The records:
[Start of section]
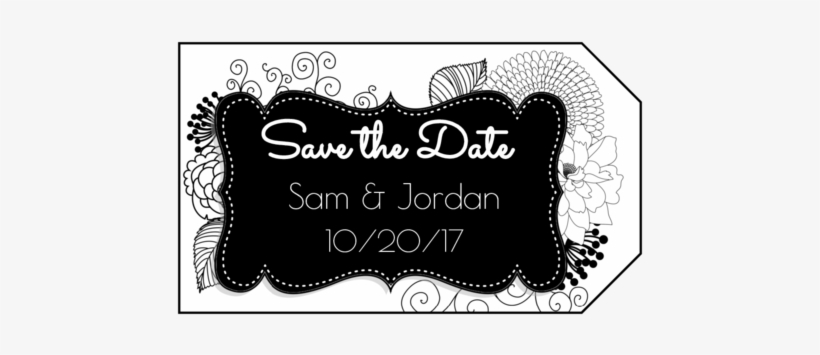 75" X 3" - Romantisches Rosa Nobles Mit Blumenwedding Save Postkarte, transparent png download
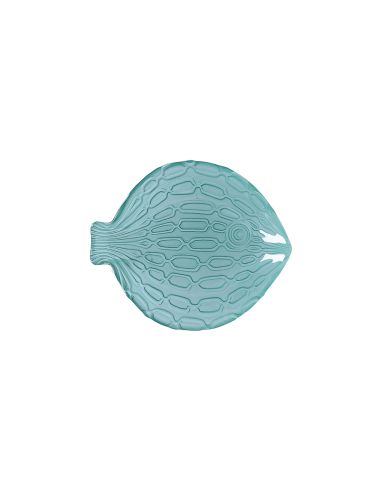 Rituali Domestici - Rituali Domestici - Linea Susanna Piatto Vetro Pesce Fantasia Verde S 19,5x16xh 2,5 Cm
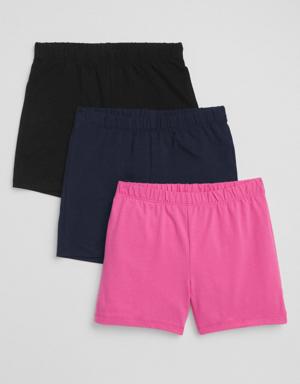 Gap Kids Pull-On Cartwheel Shorts (3-Pack) multi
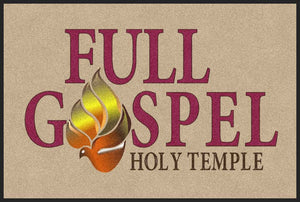 Full Gospel Holy Temple 4 x 6 Rubber Backed Carpeted HD - The Personalized Doormats Company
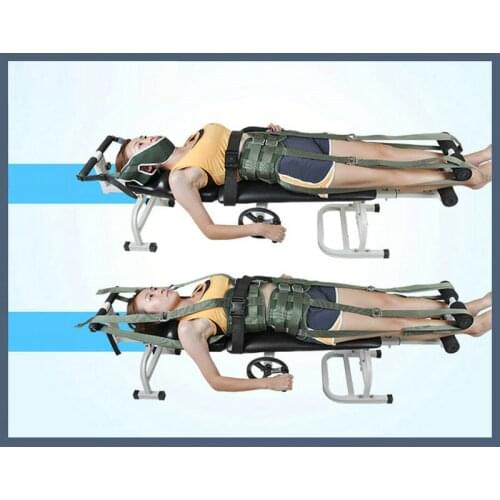 Multi-Functional Body Stretching Massage Device, Cervical and Lumbar Traction Bed, Home Relax Fitness Workout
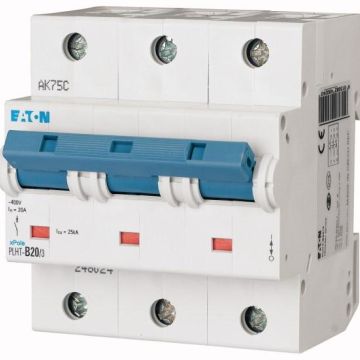Eaton PLHT-B20/3 circuit breaker, 20A, 3p, B-Char , 248024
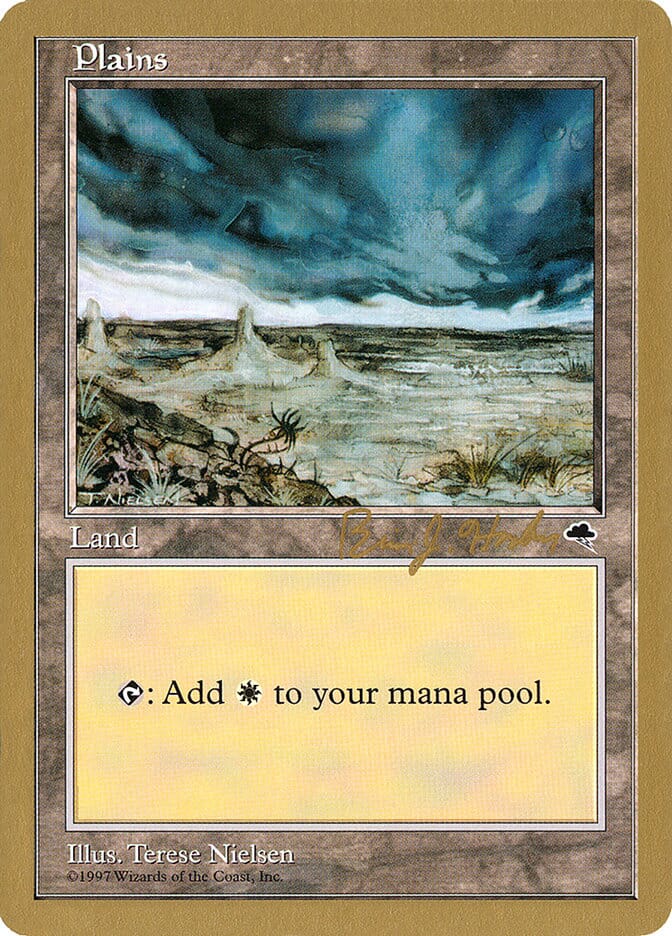 Plains (bh334) (Brian Hacker) [World Championship Decks 1998] MTG Single Magic: The Gathering  | Multizone: Comics And Games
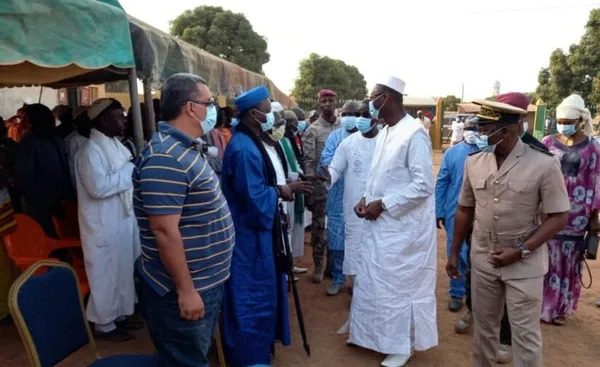 Centre de santé de Sanankoro : Moussa Sanogo visite le chantier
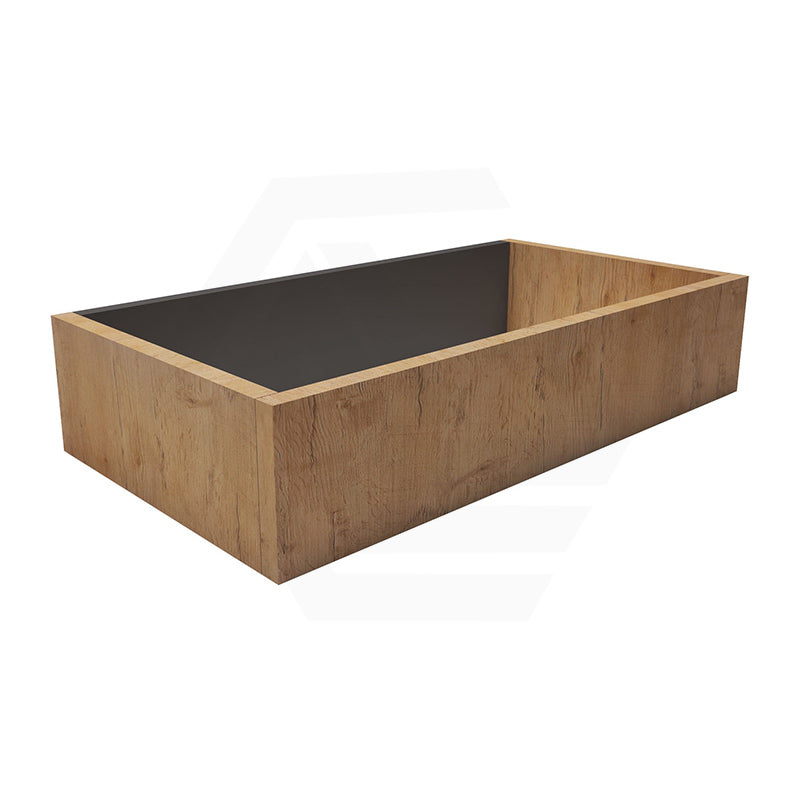Lukka Camden Modern 600mm Narrow Freestanding Vanity E0 MDF Wood Grain PVC Film Cabinet Variant Colour Available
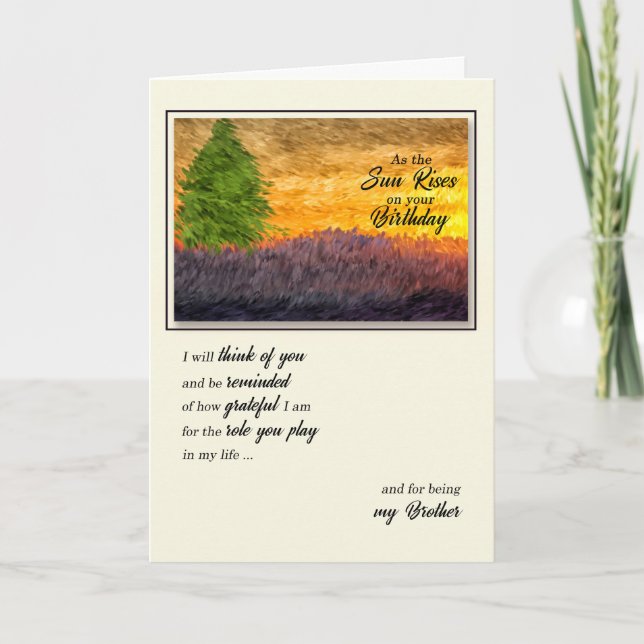 Carte Pour Frère à son anniversaire Pittoresque (Devant)
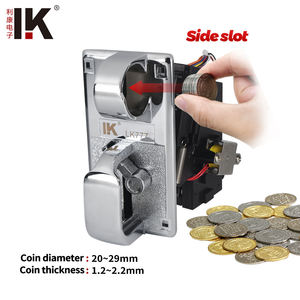 Venta al por mayor popular personalizar Mx Dr Anti-pesca Metal Juego de pesca Kits máquina de juego de monedas <span class=keywords><strong>Token</strong></span> Selector aceptador de monedas para la venta
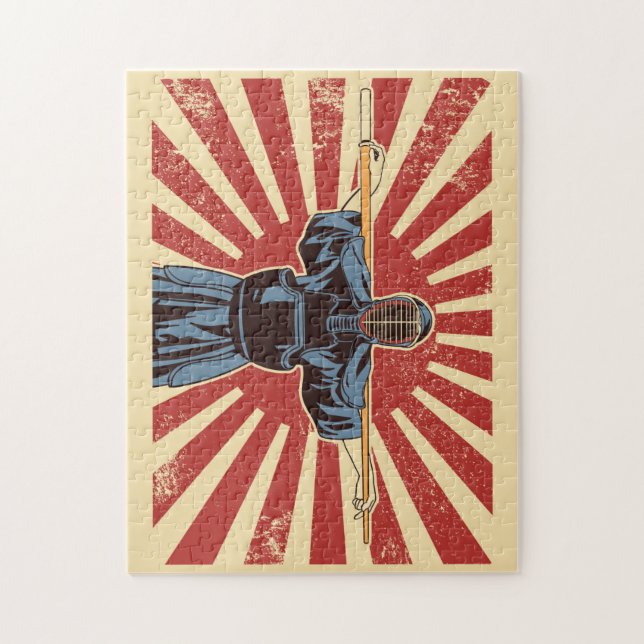 Quebra-cabeça Guerreiro Ninja (Vertical)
[End of section]
Exercise description: Everything above should be given again exactly, apart from the pictures.

Solution to this exercise:
 75" X 3" - Romantisches Rosa Nobles Mit Blumenwedding Save Postkarte, transparent png download
 Rituali Domestici - Rituali Domestici - Linea Susanna Piatto Vetro Pesce Fantasia Verde S 19,5x16xh 2,5 Cm
 Gap Kids Pull-On Cartwheel Shorts (3-Pack) multi
 Full Gospel Holy Temple 4 x 6 Rubber Backed Carpeted HD - The Personalized Doormats Company
 Multi-Functional Body Stretching Massage Device, Cervical and Lumbar Traction Bed, Home Relax Fitness Workout
Eaton PLHT-B20/3 circuit breaker, 20A, 3p, B-Char , 248024
 Plains (bh334) (Brian Hacker) [World Championship Decks 1998] MTG Single Magic: The Gathering  | Multizone: Comics And Games
 Centre de santé de Sanankoro : Moussa Sanogo visite le chantier
Lukka Camden Modern 600mm Narrow Freestanding Vanity E0 MDF Wood Grain PVC Film Cabinet Variant Colour Available
 Carte Pour Frère à son anniversaire Pittoresque (Devant)
 Venta al por mayor popular personalizar Mx Dr Anti-pesca Metal Juego de pesca Kits máquina de juego de monedas <span class=keywords><strong>Token</strong></span> Selector aceptador de monedas para la venta
 Quebra-cabeça Guerreiro Ninja (Vertical)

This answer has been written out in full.